If I worked on the railroads, I'd vote for a strike, too
All the verbal diarrhea spouted by politicians, railroad business executives and others about how a rail strike would be disastrous for the USA ignores a simple reality. Rail staff - particularly engineers and conductors - are so over-stressed, over-worked and under-appreciated that I'm astonished they've put up with it for this long. They need and deserve much better working conditions, but the railroads are refusing to provide them - so let them strike, say I.
Old NFO pointed out on his blog:
Per one of my HS classmates, who is a retired railroad engineer, it’s the lack of work/life balance. Always on call 24/7 for days, weeks, months on end, with no way to schedule time off for family things.

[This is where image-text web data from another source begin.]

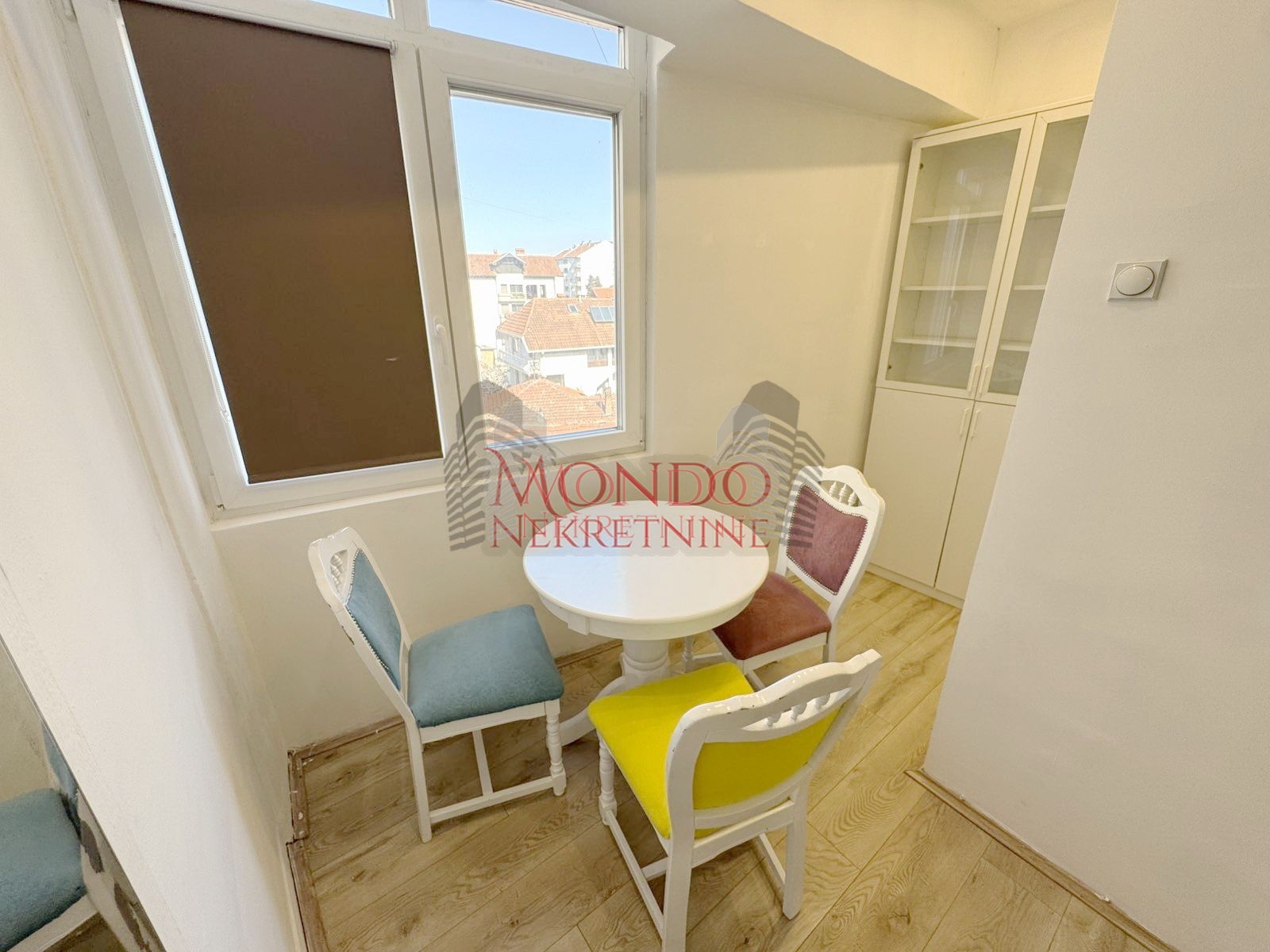 Dvoiposoban stan preko puta os Ucitelj Tasa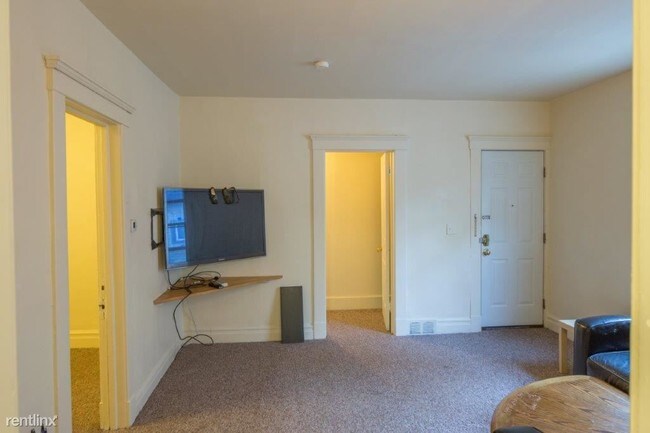 Building Photo - 723 Packard St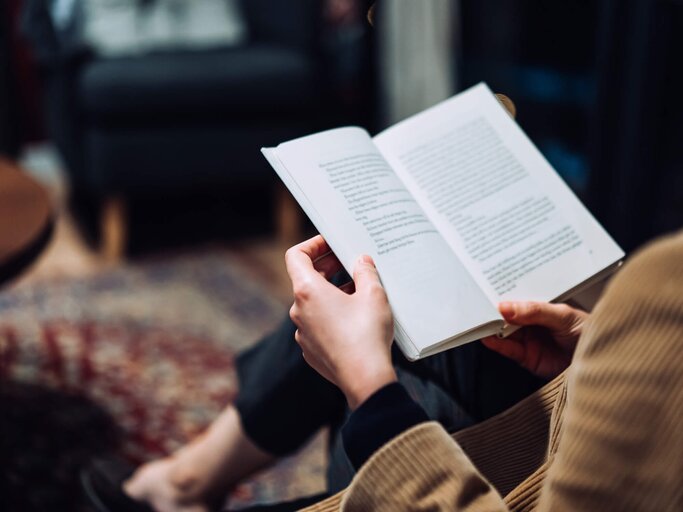 Frau mit Buch in der Hand | © gettyimages.de / d3sign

He also said if the engineers and trainmen (conductors) go out, all the other unions will go with them. That would stop the RR cold, and that includes Amtrak, which is apparently already cancelling the long haul routes as of today.
There's more at the link.
When highly trained staff are treated like dirt in one of the most complex and potentially dangerous operating environments in the world, what else can we expect but strike action?
It would be trivially easy for the railroads to hire enough staff to implement a fairer and more balanced system of time on and off work, with guaranteed periods at home with workers' families . . . but for some reason best known to themselves, the railroads won't do that. It's probably because they don't want to have to spend the money to hire and train more staff, because conductors and engineers are very highly paid in comparison to many other jobs. That's why they laid off more than 10% of them a year or two ago, and have forced their remaining workforce to make up for the shortfall by working harder and longer hours, to the detriment of their health and their home life.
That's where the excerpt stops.